## Work item
In the material below, the required lines run from the one containing "Glow neon Rectangle" through the one containing "Coffee capsule houder". Copy those lines exactly, ends included, and nothing else.
**** Record set ****
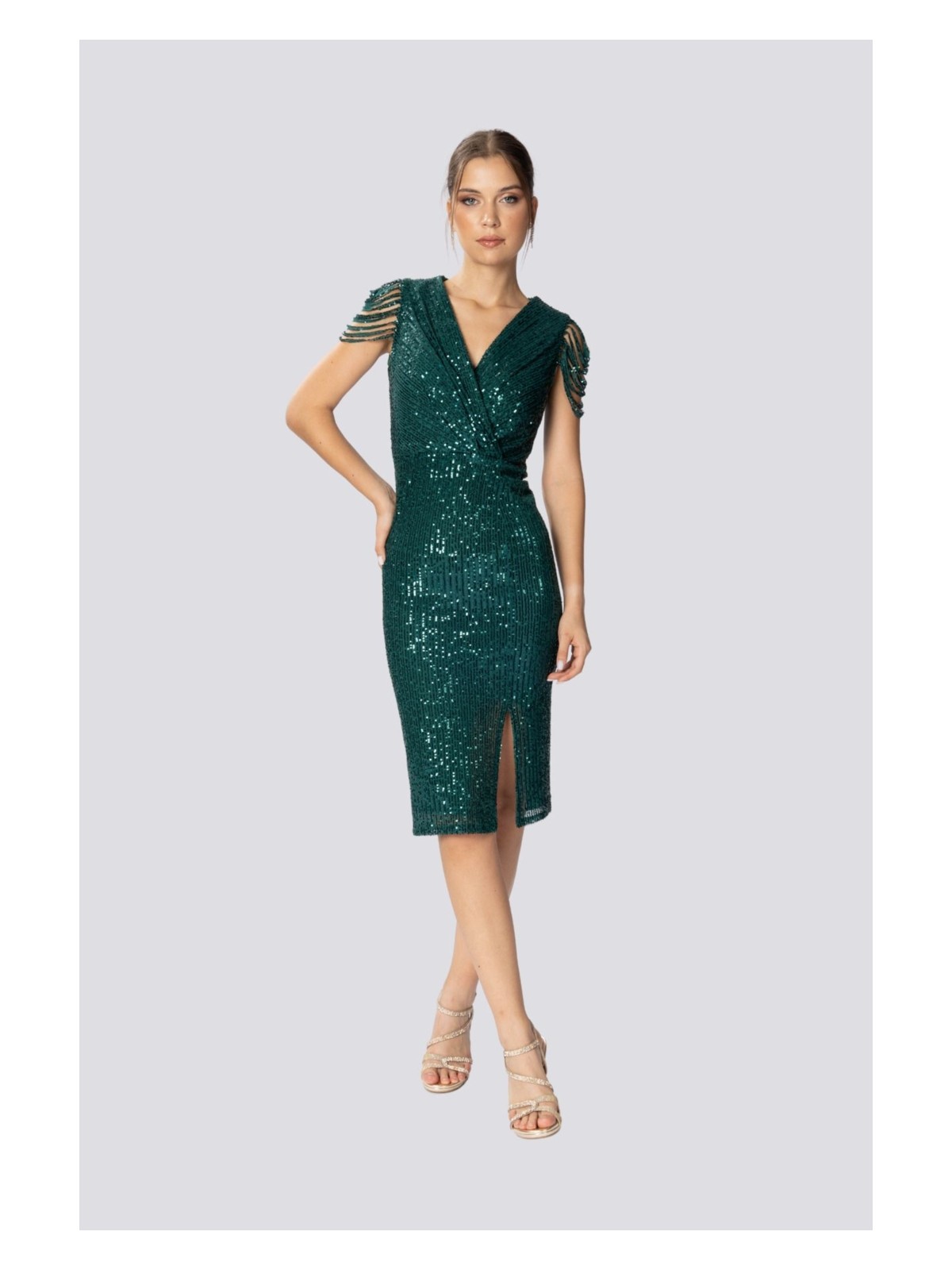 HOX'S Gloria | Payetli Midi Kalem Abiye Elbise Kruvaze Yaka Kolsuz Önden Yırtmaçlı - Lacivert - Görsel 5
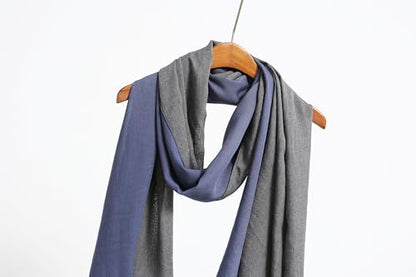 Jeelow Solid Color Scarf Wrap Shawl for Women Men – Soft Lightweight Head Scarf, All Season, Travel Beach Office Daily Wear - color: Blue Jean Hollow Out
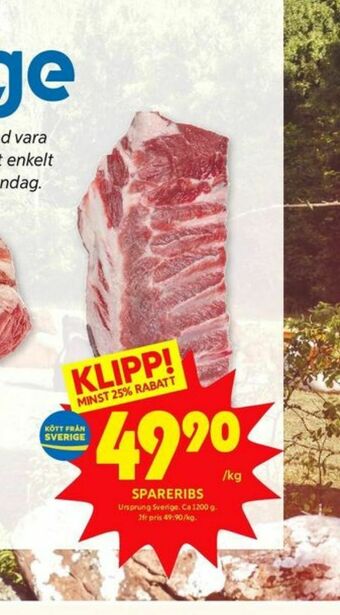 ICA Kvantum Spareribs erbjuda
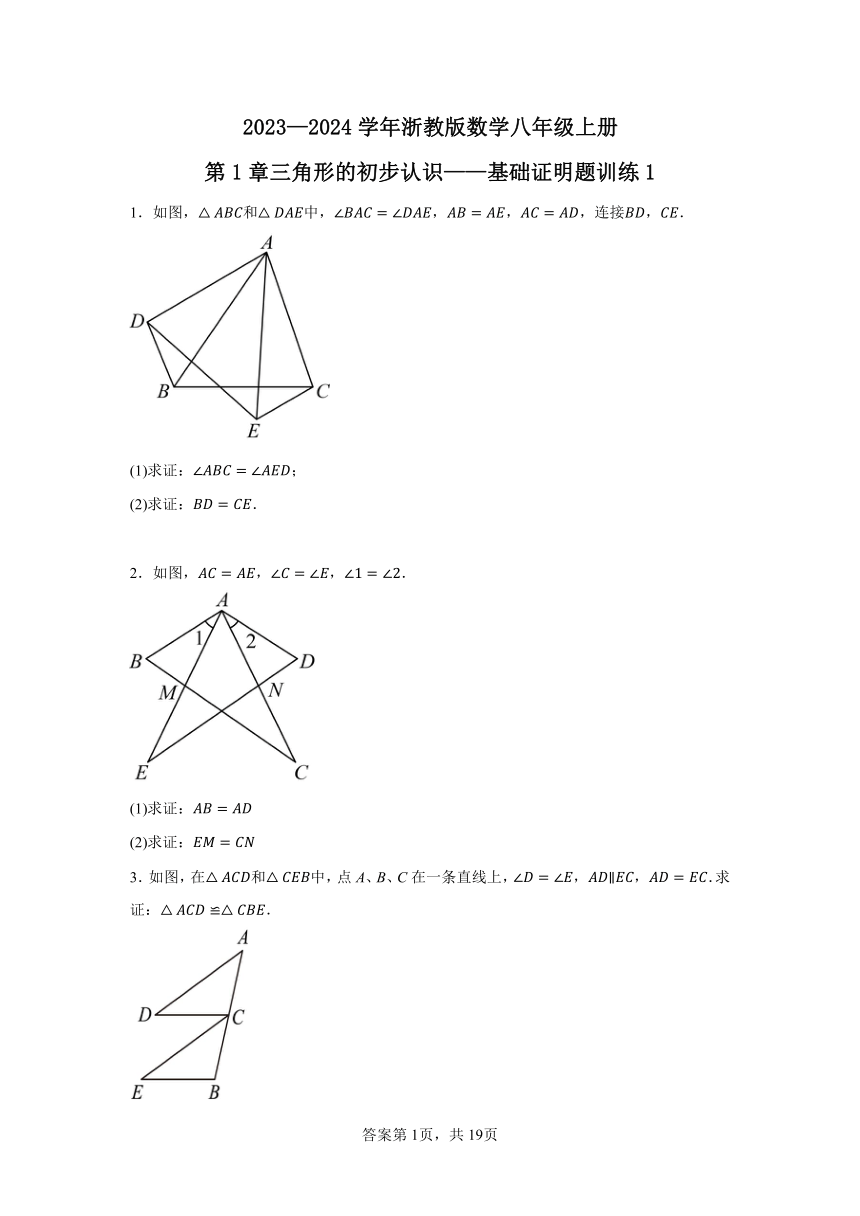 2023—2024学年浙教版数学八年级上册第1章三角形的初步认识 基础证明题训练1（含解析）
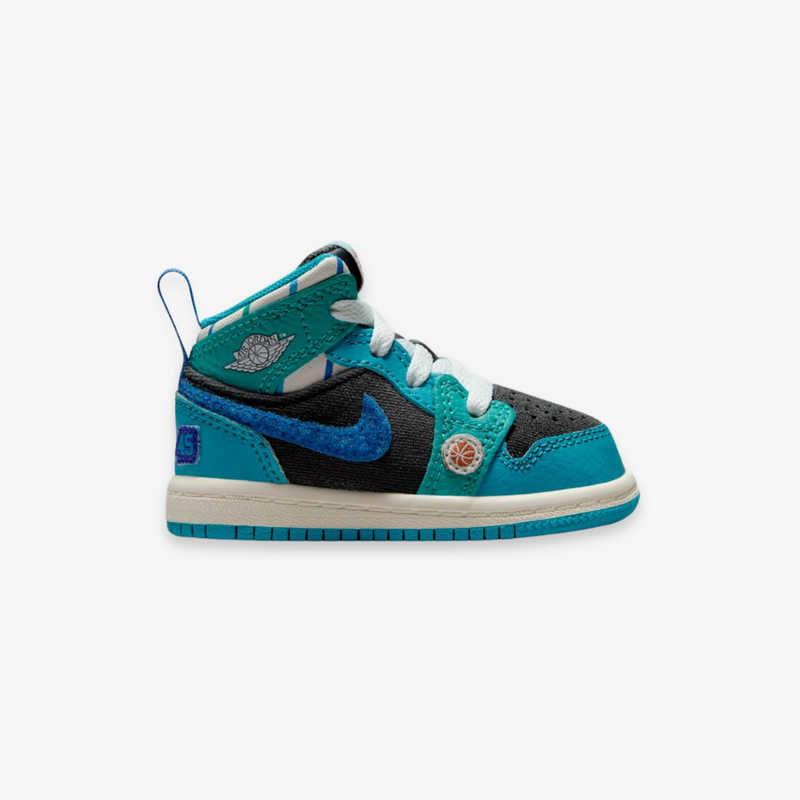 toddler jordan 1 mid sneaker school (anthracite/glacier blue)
****
**** Record set ****
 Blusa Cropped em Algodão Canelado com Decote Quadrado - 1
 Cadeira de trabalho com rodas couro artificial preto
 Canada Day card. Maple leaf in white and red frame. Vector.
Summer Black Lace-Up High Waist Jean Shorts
****
**** Record set ****
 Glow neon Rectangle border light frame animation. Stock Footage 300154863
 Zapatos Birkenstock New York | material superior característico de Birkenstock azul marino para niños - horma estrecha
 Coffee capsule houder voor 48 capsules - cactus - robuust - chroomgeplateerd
****
## Problem solution
 Glow neon Rectangle border light frame animation. Stock Footage 300154863
 Zapatos Birkenstock New York | material superior característico de Birkenstock azul marino para niños - horma estrecha
 Coffee capsule houder voor 48 capsules - cactus - robuust - chroomgeplateerd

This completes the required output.